Provided information —
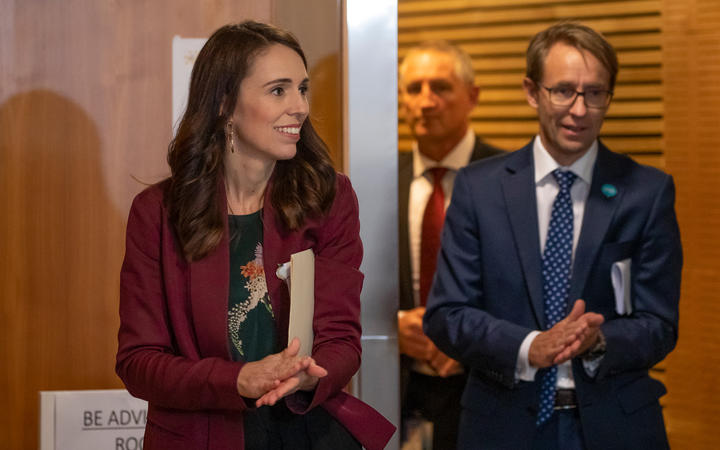 Prime Minister Jacinda Ardern sanitises her hands with Director-General of Health Dr Ashley Bloomfield while walking to a Covid-19 coronavirus briefing on 6 May, 2020.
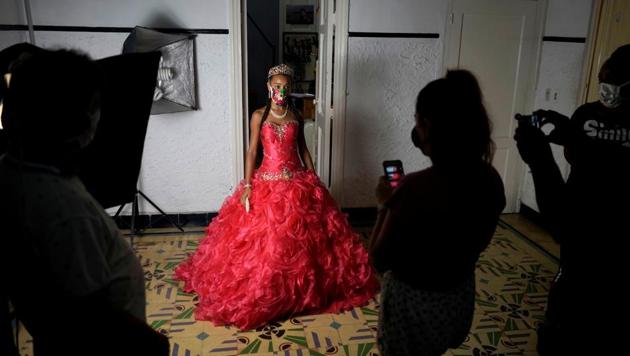 Naomi Ramos poses as she tries dresses for her quinceanera (coming of age of 15-year-olds) celebration amid coronavirus disease (Covid-19) spread concerns, in Havana, Cuba. (REUTERS/Alexandre Meneghini)
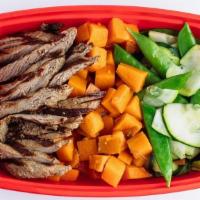 Them Gainz · A protein packed meal loaded with steak,. sweet potato snap peas, zucchini and. spinach. Ser...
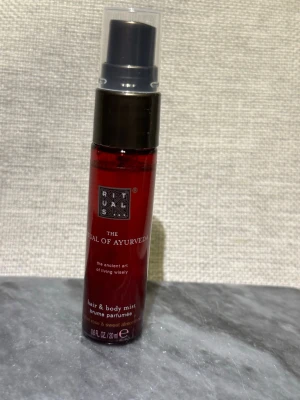 Ny! Rituals The Ritual of Ayurveda mist - Ny! Body mist 20ml. En lyxig hår- och kroppsmist från Rituals i serien The Ritual of Ayurveda. Flaskan är mörkröd med svart spraymunstycke och genomskinligt lock. Doften innehåller inslag av ros och söt mandel. Perfekt att spraya både i håret och på kroppen.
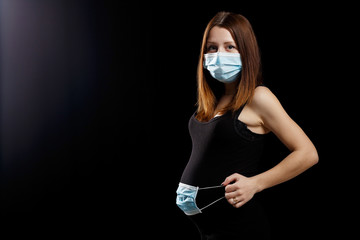 Fototapeta na wymiar pregnant woman in a black dress with dark hair with a medical mask against coronavirus pandemic infection COVID-19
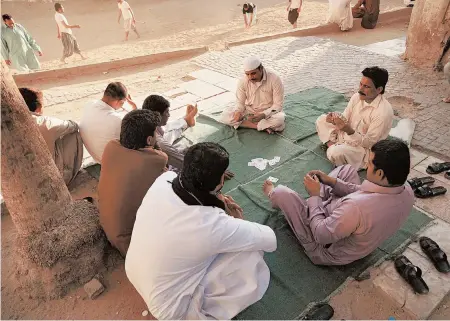  ?? AMRNABIL/AP ?? Workers play cards while on holiday in January in Jiddah, Saudi Arabia. About 10 million foreign workers make up a third of the population in Saudi Arabia.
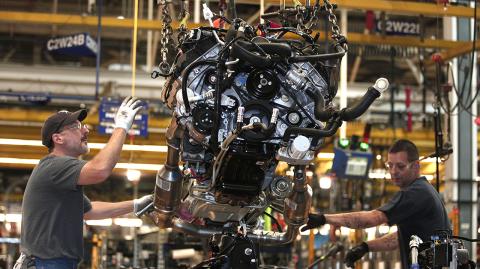 (FILES) In this file photo taken on September 16, 2013, workers install a Ford EcoBoost engine into a 2014 F150 truck chassis on the assembly line at Ford's Dearborn Truck Plant  in Dearborn, Michigan. - Detroit's three automakers have agreed to UAW demands to temporarily shut down all North America plants as a precaution against coronavirus, on March 18, 2020 (Photo by BILL PUGLIANO / GETTY IMAGES NORTH AMERICA / AFP)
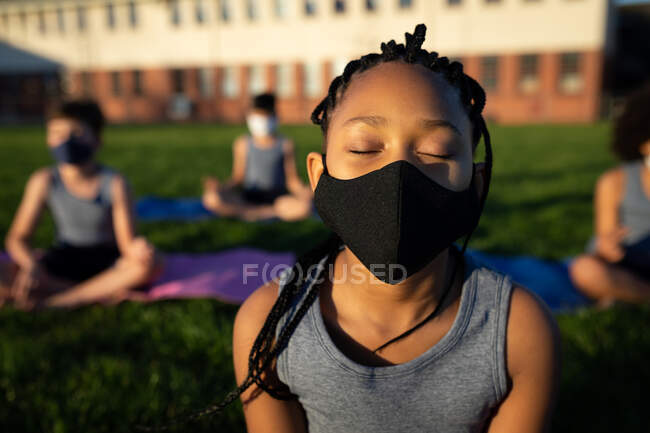 Mixed Race Girl mit Gesichtsmaske beim Yoga im Schulgarten. Grundschulbildung soziale Distanzierung der Gesundheitssicherheit während der Covid19 Coronavirus-Pandemie. — Stockfoto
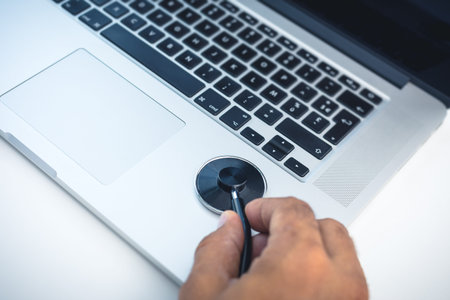 Man hand holding a stethoscope checking laptop , concept of safety and protect computer from viruses...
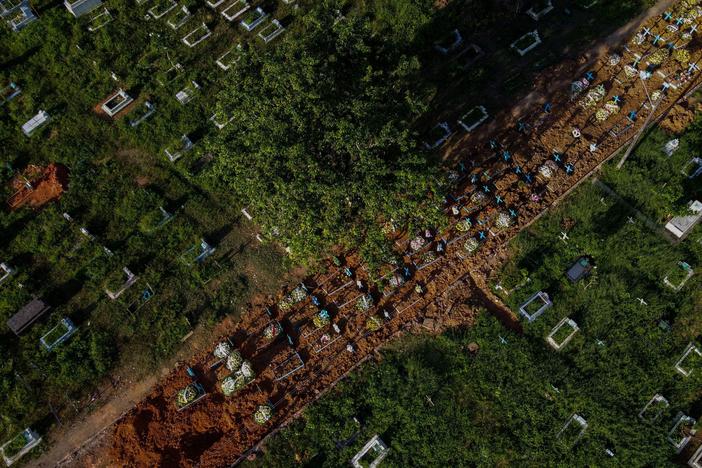With little space left at Nossa Senhora Aparecida cemetery in Manaus, Brazil, graves of COVID-19 victims line a street, seen in an aerial photo taken on Thursday as the country passed 400,000 virus deaths.
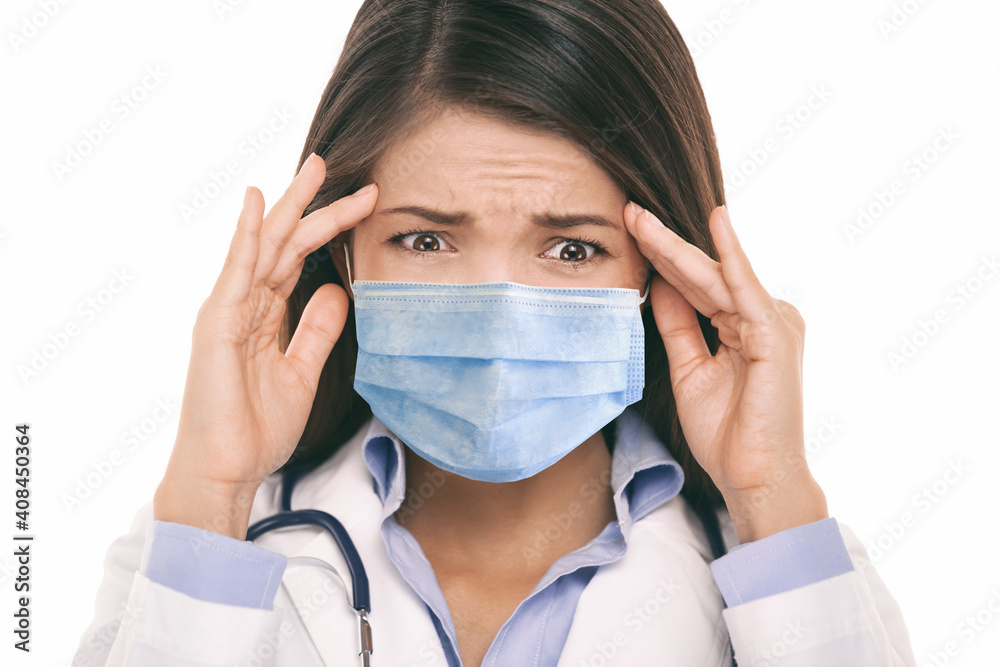 Doctor wearing coronavirus surgical face mask in panic scared doing a funny stressed out facial expression holding head from headache. Asian woman portrait. Doctor wearing coronavirus surgical face mask in panic scared doing a funny stressed out facial expression holding head from headache. Asian woman portrait.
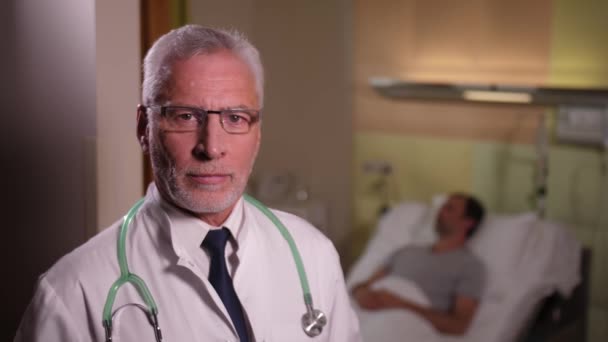 Portrait of serious aging doctor in patients ward — Stock Video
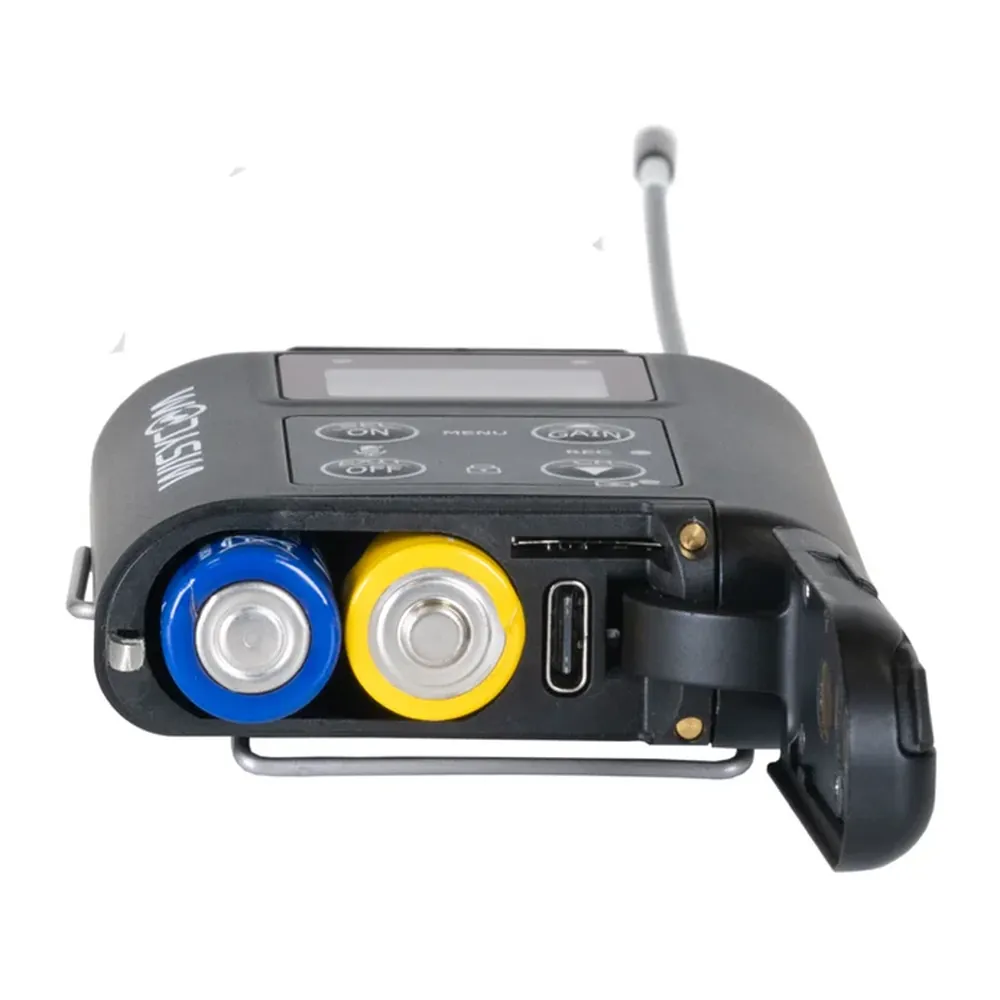 Wisycom MTP60 Multiband Bodypack Transmitter: The MTP60 from above, battery bay open with AA cells and USB-C port.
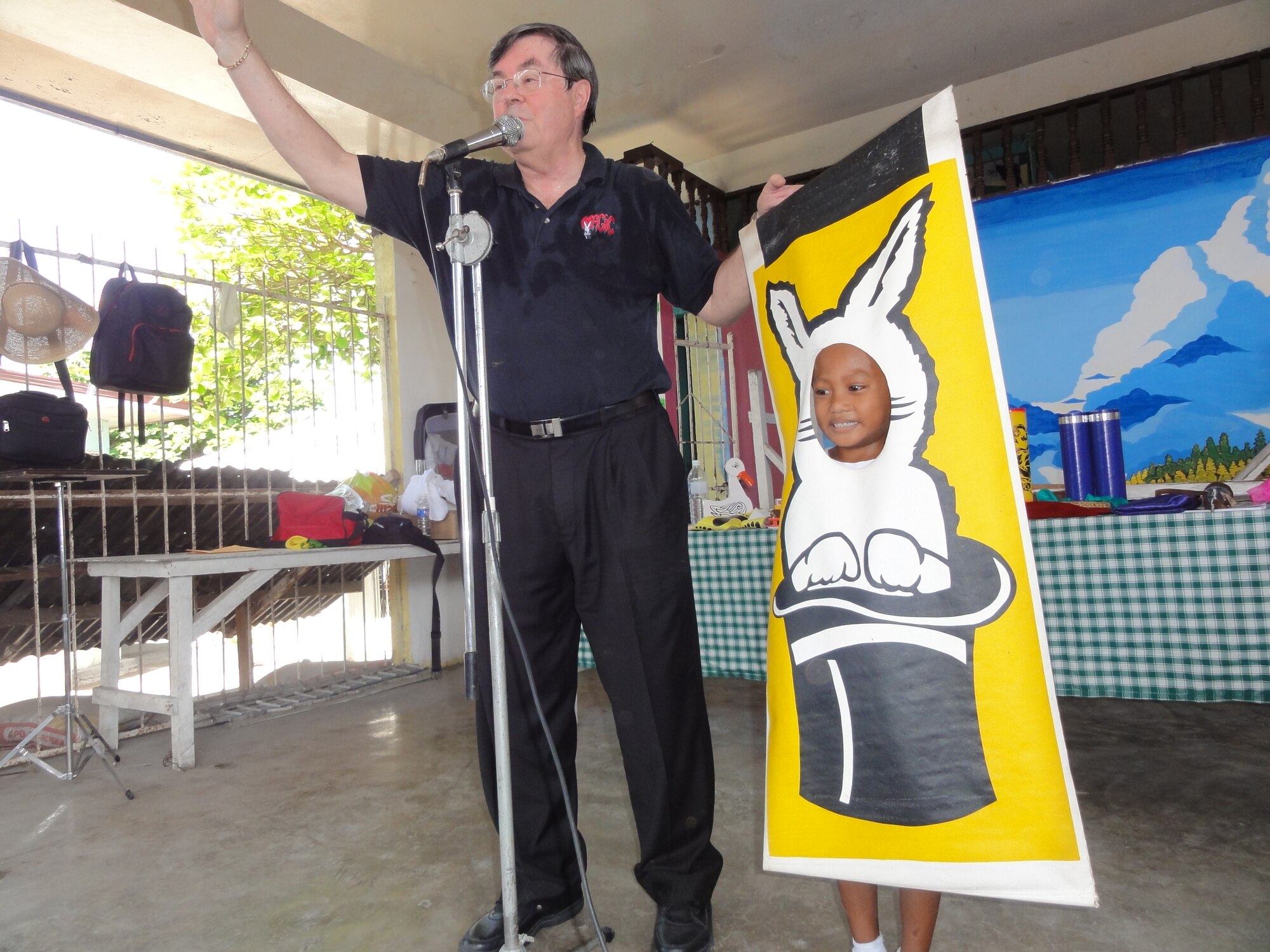 Glen Bailey, 15th Wing Plans, Programs and Inspection office, uses magic to turn his school-aged assistant into a rabbit during his magic show at an elementary school in Barangay Catituban, Philippines, March 7, 2013. The 50 minute show was one of three Bailey and his team performed while on a volunteer trip to provide medical aid to impoverished communities with the Aloha Medical Mission. In addition to the school shows, Bailey also performed for patients and their families at the local hospitals. (Courtesy photo)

Problem details —
Copy the lines above exactly and exclude every image.

Solution —
 Prime Minister Jacinda Ardern sanitises her hands with Director-General of Health Dr Ashley Bloomfield while walking to a Covid-19 coronavirus briefing on 6 May, 2020.
 Naomi Ramos poses as she tries dresses for her quinceanera (coming of age of 15-year-olds) celebration amid coronavirus disease (Covid-19) spread concerns, in Havana, Cuba. (REUTERS/Alexandre Meneghini)
 Them Gainz · A protein packed meal loaded with steak,. sweet potato snap peas, zucchini and. spinach. Ser...
 Ny! Rituals The Ritual of Ayurveda mist - Ny! Body mist 20ml. En lyxig hår- och kroppsmist från Rituals i serien The Ritual of Ayurveda. Flaskan är mörkröd med svart spraymunstycke och genomskinligt lock. Doften innehåller inslag av ros och söt mandel. Perfekt att spraya både i håret och på kroppen.
 Fototapeta na wymiar pregnant woman in a black dress with dark hair with a medical mask against coronavirus pandemic infection COVID-19
  ?? AMRNABIL/AP ?? Workers play cards while on holiday in January in Jiddah, Saudi Arabia. About 10 million foreign workers make up a third of the population in Saudi Arabia.
 (FILES) In this file photo taken on September 16, 2013, workers install a Ford EcoBoost engine into a 2014 F150 truck chassis on the assembly line at Ford's Dearborn Truck Plant  in Dearborn, Michigan. - Detroit's three automakers have agreed to UAW demands to temporarily shut down all North America plants as a precaution against coronavirus, on March 18, 2020 (Photo by BILL PUGLIANO / GETTY IMAGES NORTH AMERICA / AFP)
 Mixed Race Girl mit Gesichtsmaske beim Yoga im Schulgarten. Grundschulbildung soziale Distanzierung der Gesundheitssicherheit während der Covid19 Coronavirus-Pandemie. — Stockfoto
 Man hand holding a stethoscope checking laptop , concept of safety and protect computer from viruses...
With little space left at Nossa Senhora Aparecida cemetery in Manaus, Brazil, graves of COVID-19 victims line a street, seen in an aerial photo taken on Thursday as the country passed 400,000 virus deaths.
 Doctor wearing coronavirus surgical face mask in panic scared doing a funny stressed out facial expression holding head from headache. Asian woman portrait. Doctor wearing coronavirus surgical face mask in panic scared doing a funny stressed out facial expression holding head from headache. Asian woman portrait.
 Portrait of serious aging doctor in patients ward — Stock Video
 Wisycom MTP60 Multiband Bodypack Transmitter: The MTP60 from above, battery bay open with AA cells and USB-C port.
 Glen Bailey, 15th Wing Plans, Programs and Inspection office, uses magic to turn his school-aged assistant into a rabbit during his magic show at an elementary school in Barangay Catituban, Philippines, March 7, 2013. The 50 minute show was one of three Bailey and his team performed while on a volunteer trip to provide medical aid to impoverished communities with the Aloha Medical Mission. In addition to the school shows, Bailey also performed for patients and their families at the local hospitals. (Courtesy photo)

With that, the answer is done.